The headings provided herein are for convenience only and do not necessarily affect the scope or meaning of what is claimed in the present disclosure.
In the drawings, the same reference numerals and any acronyms identify elements or acts with the same or similar structure or functionality for ease of understanding and convenience. The drawings will be described in detail in the course of the following Detailed Description.
DETAILED DESCRIPTION
Various examples and embodiments of the methods and systems of the present disclosure will now be described. The following description provides specific details for a thorough understanding and enabling description of these examples. One skilled in the relevant art will understand, however, that one or more embodiments described herein may be practiced without many of these details. Likewise, one skilled in the relevant art will also understand that one or more embodiments of the present disclosure can include other features not described in detail herein. Additionally, some well-known structures or functions may not be shown or described in detail below, so as to avoid unnecessarily obscuring the relevant description.
In addition to avoiding possible negative user experiences, such as those discussed above, maintenance of a stable sound field induces more effective externalization of the audio field or, put another way, more effectively creates the sense that the audio source is external to the listener's head and that the sound field includes sources localized at controlled locations. As such, it is clearly desirable to modify a generated sound field to compensate for user movement, such as, for example, rotation or movement of the user's head around the x-, y-, and/or z-axis (when using the Cartesian system to represent space).

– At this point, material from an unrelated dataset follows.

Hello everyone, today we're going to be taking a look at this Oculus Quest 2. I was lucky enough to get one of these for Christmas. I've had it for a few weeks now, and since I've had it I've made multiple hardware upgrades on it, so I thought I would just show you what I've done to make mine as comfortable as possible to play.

This problem can be addressed by detecting changes in head orientation using a head-tracking device and, whenever a change is detected, calculating a new location of the virtual source(s) relative to the user, and re-calculating the 3-dimensional sound field for the new virtual source locations. However, this approach is computationally expensive. Since most applications, such as computer game scenarios, involve multiple virtual sources, the high computational cost makes such an approach unfeasible. Furthermore, this approach makes it necessary to have access to both the original signal produced by each virtual source as well as the current spatial location of each virtual source, which may also result in an additional computational burden.
Existing solutions to the problem of rotating or panning the sound field in accordance with user movement include the use of amplitude panned sound sources. However, such existing approaches result in a sound field containing impaired distance cues as they neglect important signal characteristics such as direct-to-reverberant ratio, micro head movements, and acoustic parallax with incorrect wave-front curvature. Furthermore, these existing solutions also give impaired directional localization accuracy as they have to contend with sub-optimal speaker placements.

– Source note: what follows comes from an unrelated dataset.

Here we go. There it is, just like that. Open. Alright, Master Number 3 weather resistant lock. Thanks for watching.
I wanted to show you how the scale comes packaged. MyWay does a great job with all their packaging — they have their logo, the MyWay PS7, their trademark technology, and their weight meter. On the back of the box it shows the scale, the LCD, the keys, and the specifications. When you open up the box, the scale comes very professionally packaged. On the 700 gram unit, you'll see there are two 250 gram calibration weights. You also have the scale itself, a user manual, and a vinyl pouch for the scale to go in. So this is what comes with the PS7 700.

Maintaining a stable sound field strengthens the sense that the audio sources are external to the listener's head. The effectiveness of this process is technically challenging. One important factor that has been identified is that even small, unconscious head movements help to resolve front-back confusions. In binaural listening, this problem most frequently occurs when non-individualised HRTFs (Head Related Transfer Function) are used. Then, it is usually difficult to distinguish between the virtual sound sources at the front and at the back of the head.
Accordingly, embodiments of the present disclosure relate to methods and systems for providing (e.g., delivering, producing, etc.) three-dimensional, immersive spatial audio to a user. For example, in accordance with at least one embodiment, the three-dimensional, immersive spatial audio may be provided to the user via a headphone device worn by the user. As will be described in greater detail below, the methods and systems of the present disclosure are designed to recreate a naturally sounding sound field at the user's (listener's) ears, including cues for elevation and depth perception. Among numerous other potential uses and applications, the methods and systems of the present disclosure may be implemented for virtual reality (VR) applications.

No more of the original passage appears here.